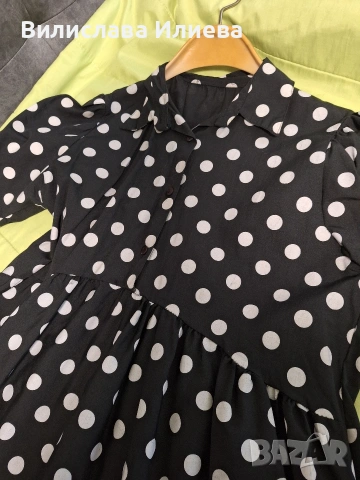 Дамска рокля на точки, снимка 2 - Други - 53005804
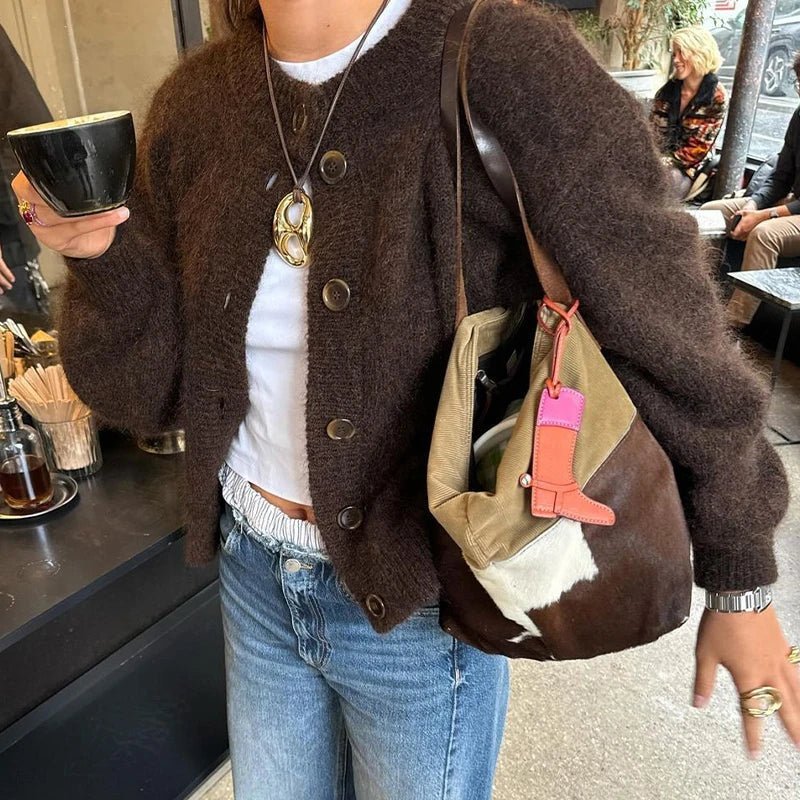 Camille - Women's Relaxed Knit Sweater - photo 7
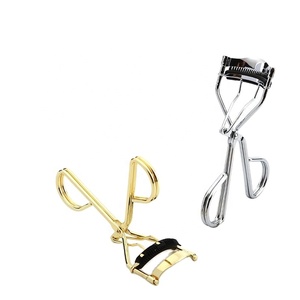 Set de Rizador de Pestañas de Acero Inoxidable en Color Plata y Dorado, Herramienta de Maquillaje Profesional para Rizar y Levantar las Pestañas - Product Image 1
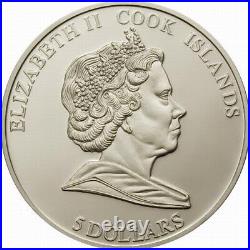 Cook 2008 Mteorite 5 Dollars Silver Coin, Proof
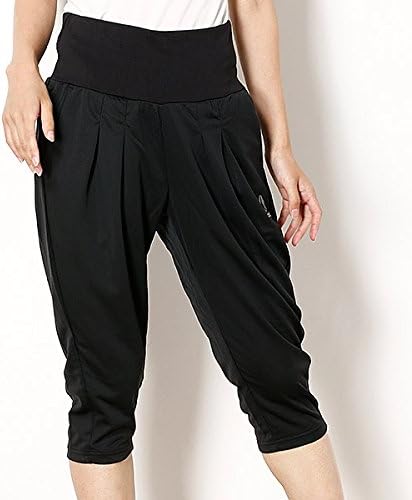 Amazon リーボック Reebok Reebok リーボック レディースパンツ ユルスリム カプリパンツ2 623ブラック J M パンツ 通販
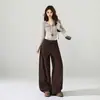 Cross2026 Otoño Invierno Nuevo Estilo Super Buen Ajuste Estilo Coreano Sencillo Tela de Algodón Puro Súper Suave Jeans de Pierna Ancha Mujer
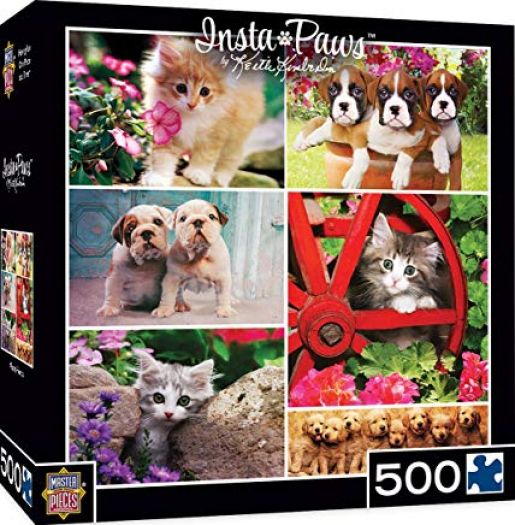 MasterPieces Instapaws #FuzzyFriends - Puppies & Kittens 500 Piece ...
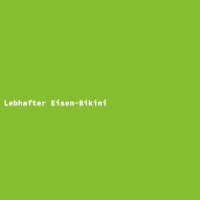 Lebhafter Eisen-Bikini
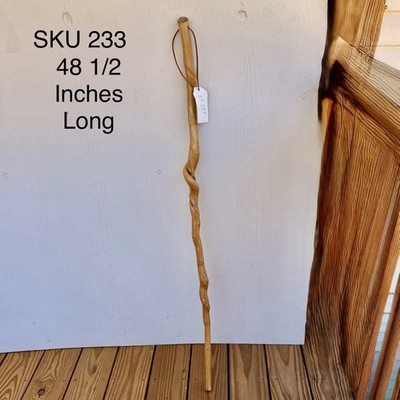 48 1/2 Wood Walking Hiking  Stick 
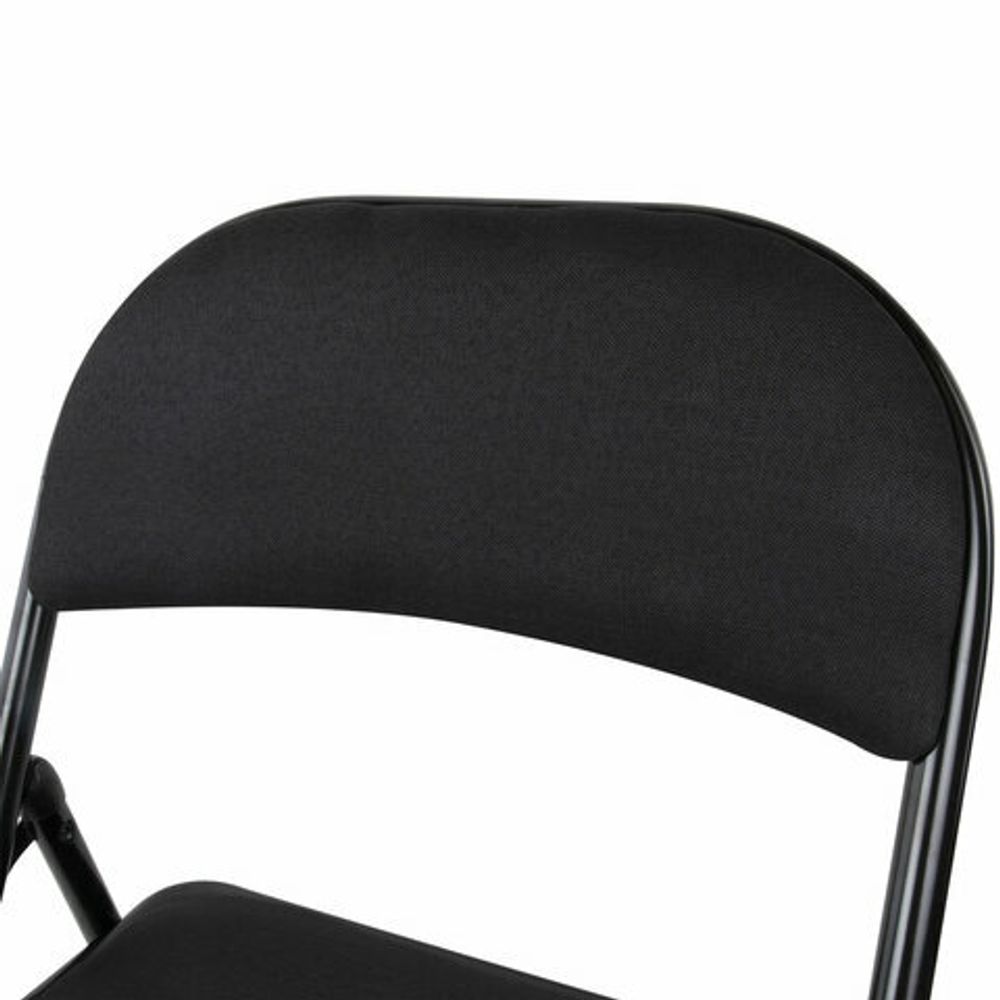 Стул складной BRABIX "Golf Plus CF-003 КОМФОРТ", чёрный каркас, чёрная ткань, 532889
━━━
Lines from the one above containing "Set de Rizador" down to the one containing "Amazon リーボック Reebok" should be transcribed exactly, with both ends kept and no pictures.

» Response area
 Set de Rizador de Pestañas de Acero Inoxidable en Color Plata y Dorado, Herramienta de Maquillaje Profesional para Rizar y Levantar las Pestañas - Product Image 1
 Cook 2008 Mteorite 5 Dollars Silver Coin, Proof
 Amazon リーボック Reebok Reebok リーボック レディースパンツ ユルスリム カプリパンツ2 623ブラック J M パンツ 通販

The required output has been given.